NEW YORK – When General Motors finally offers stock to the public today, small investors will probably be left out.

Pension funds, mutual funds and other big institutions all want a piece of the rehabilitated GM. That means the three dozen banks divvying up the new shares may not have much left for individual investors.

And being left out of the initial public offering can mean being left out of some big profits: Shares of newly public companies sometimes jump 10 percent or more on the first day of trading, handing easy money to those lucky enough to get access at the offering price.

“Wall Street is only begrudgingly involving individual investors,” laments David Menlow, founder of research company The attitude is it’s “our ball and our rules.”

The most important rule of all: The banks handling IPOs — called underwriters — get to pick who gets the shares at the offering price. And critics say those shares often go to favored clients or potential clients — that is, institutions that pay lots of trading commissions to the banks, not the small fry.

“It’s still the good ol’ boys network,” says Menlow. “As much as the firms would argue to the contrary, it’s still, ‘How much business are you doing with us?”‘

The GM sale is one of the largest and most anticipated IPOs in years. For sale are 478 million shares and a piece of an iconic American manufacturer. The biggest seller is the U.S. government, which hopes to cut its ownership from 61 percent to 33 percent or less. The government got the stake in exchange for help in saving GM from near collapse with $51 billion in taxpayer money.

That the small guy had to rescue the company when it was sick but could get shut out now that it’s healthy has rankled some investors. The U.S. government had said it wanted small investors to have an opportunity to invest in the IPO, though it never specified just how many shares would be made available.

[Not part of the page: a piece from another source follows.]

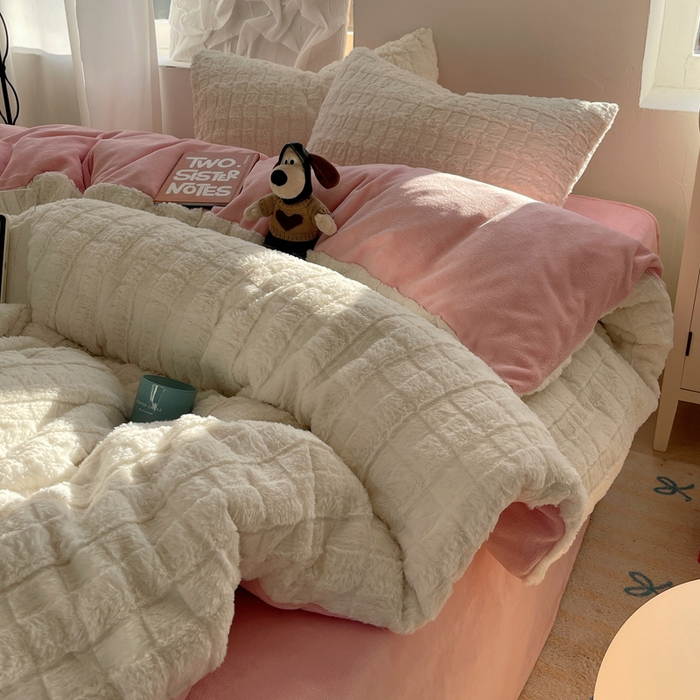 91家纺网 家纺一手货源 找家纺 金爱家 2025新款全消光牛奶绒A类纯色獭兔毛绒立体牛奶绒四件套 奶白粉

The backroom deals by bankers helping companies go public have drawn fierce criticism over the years. Longtime Silicon Valley financier Bill Hambrecht says the bankers often don’t get the highest price possible for new shares and are rewarded too much for their work anyway. He favors Dutch auctions that allocate new shares to the highest bidders including small investors. His company, WR Hambrecht + Co., used such an auction to take Google Inc. public in 2004.

Treasury spokesman Mark Paustenbach had no comment on whether an auction was considered for GM or on how many shares will go to individual investors.

Of course, a successful return by GM to the public markets should be celebrated. Though it’s not certain Washington will get all its money back, a successful IPO at least makes it more likely. And a lot of small investors shut out of the IPO will have money in mutual funds that are allowed to buy.

Issues of fairness aside, IPO experts note it’s unusual for individual investors to get many shares at offering prices. In fact, it’s so unusual that when a lot are offered, everyone assumes it’s because big, sophisticated investors have spurned them first. “It’s a winner’s curse,” says Matt Therian of Renaissance Capital, a research firm that tracks IPOs.